I need to find the volume of a function x dA where S is bound by the curves y = x^2/4, y=x, y=1,and y=2 with x greater or equal to 0
I think x goes from 0 to 2 would y be between x and x^2/4???? Frostking
I've attached a picture of the graphs of these. I'd like to help you, but I'm not sure what you're asking. Is this a rotation problem? The area bounded by the curves is $\displaystyle \int_{1}^2 x-1\,dx + \int_{2}^{2\sqrt{2}} 2-\frac{x^2}{4}\,dx = \frac{1}{2}+\frac{2}{3}(4\sqrt{2}+5) = \frac{1}{6}(16\sqrt{2}-17)$.

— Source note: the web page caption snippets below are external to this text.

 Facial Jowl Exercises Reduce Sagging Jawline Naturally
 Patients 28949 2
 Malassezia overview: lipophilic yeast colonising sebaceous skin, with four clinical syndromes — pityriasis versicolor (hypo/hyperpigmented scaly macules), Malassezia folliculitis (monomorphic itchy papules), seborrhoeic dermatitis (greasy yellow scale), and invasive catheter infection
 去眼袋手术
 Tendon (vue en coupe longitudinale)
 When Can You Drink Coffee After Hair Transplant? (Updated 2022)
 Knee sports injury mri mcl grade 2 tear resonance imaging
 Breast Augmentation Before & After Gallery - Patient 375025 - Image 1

I hope this helps you in some way.
I am sorry I was not clear. The exact question is : FInd the double integral over the region S of x dA where S is the region bounded by the curves y = x^2/4, y = x, y =1 and y = 2 with x greater than or equal to 0.
Well, as y goes from $\displaystyle 1$ to $\displaystyle 2$, x goes from $\displaystyle y$ to $\displaystyle 2\sqrt{y}$. (If $\displaystyle y=\frac{x^2}{4}$, then $\displaystyle x=\sqrt{4y}=2\sqrt{y}$).

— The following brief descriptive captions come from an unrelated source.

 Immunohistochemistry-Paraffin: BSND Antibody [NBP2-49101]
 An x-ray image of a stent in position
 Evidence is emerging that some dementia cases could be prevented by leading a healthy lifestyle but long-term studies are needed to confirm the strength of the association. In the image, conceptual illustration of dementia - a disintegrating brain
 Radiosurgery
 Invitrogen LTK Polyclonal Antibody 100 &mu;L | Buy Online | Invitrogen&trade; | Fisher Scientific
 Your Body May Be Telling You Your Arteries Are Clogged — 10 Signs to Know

How about this: $\displaystyle \int_{1}^{2} \int_{y}^{2\sqrt{y}} x\,dx\,dy$?
Integrating with respect to $\displaystyle x$ gives you $\displaystyle \frac{x^2}{2}$. Plugging in the bounds gives you $\displaystyle \frac{(2\sqrt{y})^2}{2}-\frac{y^2}{2} = 2y-\frac{y^2}{2}$.

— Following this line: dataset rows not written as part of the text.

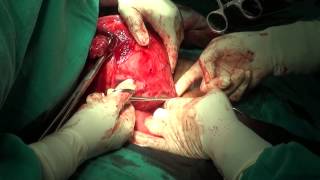 22 Weeks fibroid Uterus, Abdominal Hysterectomy Part - I (Rama Hospital)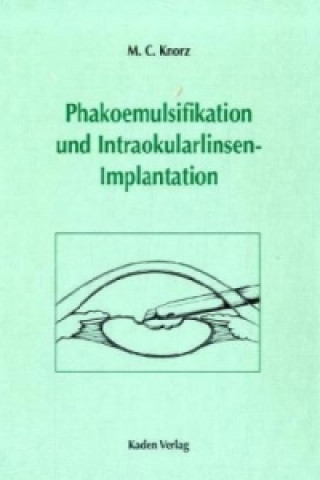 Phakoemulsifikation und Intraokularlinsenimplantation, m. CD-ROM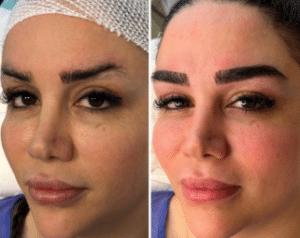 نمونه کاشت ابرو کلینیک زیبایی ژینو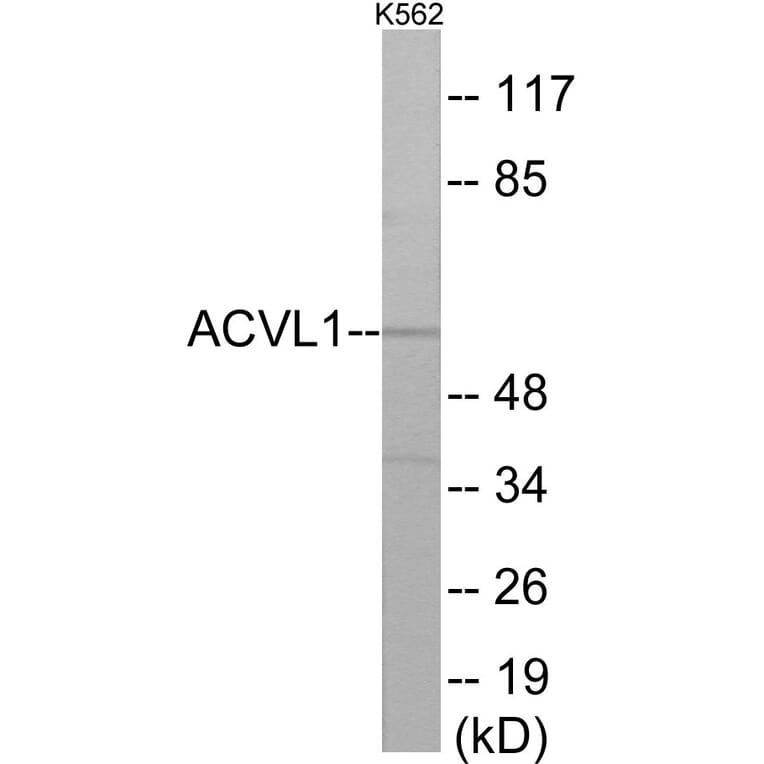 Western Blot - ACVL1 Cell Based ELISA Kit (CB5885) - Antibodies.com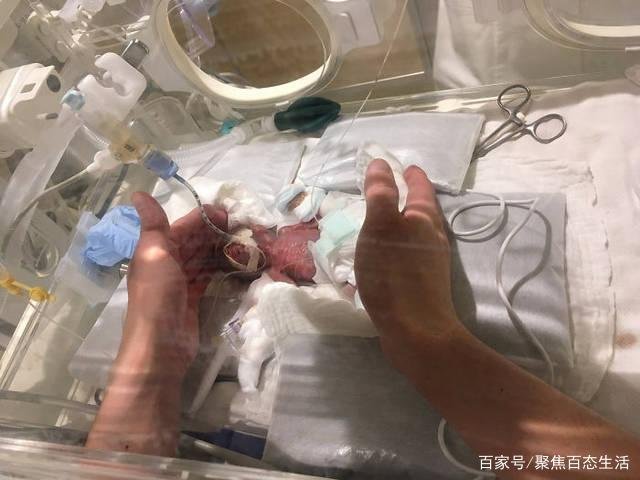 生命奇迹!“世界最小婴儿”出生仅25厘米,如今18岁的她怎样了?
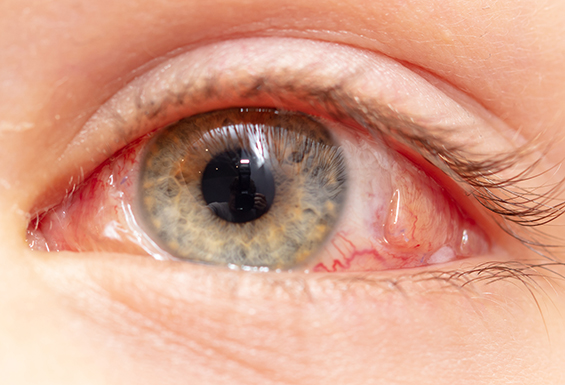 Close Up Eye Before Vitrectomy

Now the integral is $\displaystyle \int_{1}^{2} 2y-\frac{y^2}{2} \,dy$.
You can integrate this by normal means to get $\displaystyle y^2-\frac{y^3}{6}$. Plugging in the bounds gives you $\displaystyle 2^2-\frac{2^3}{6} - (1^2-\frac{1^3}{6}) = 4-\frac{8}{6} - 1+\frac{1}{6} = \frac{11}{6}$.
So $\displaystyle \frac{11}{6}$ is the answer you're looking for.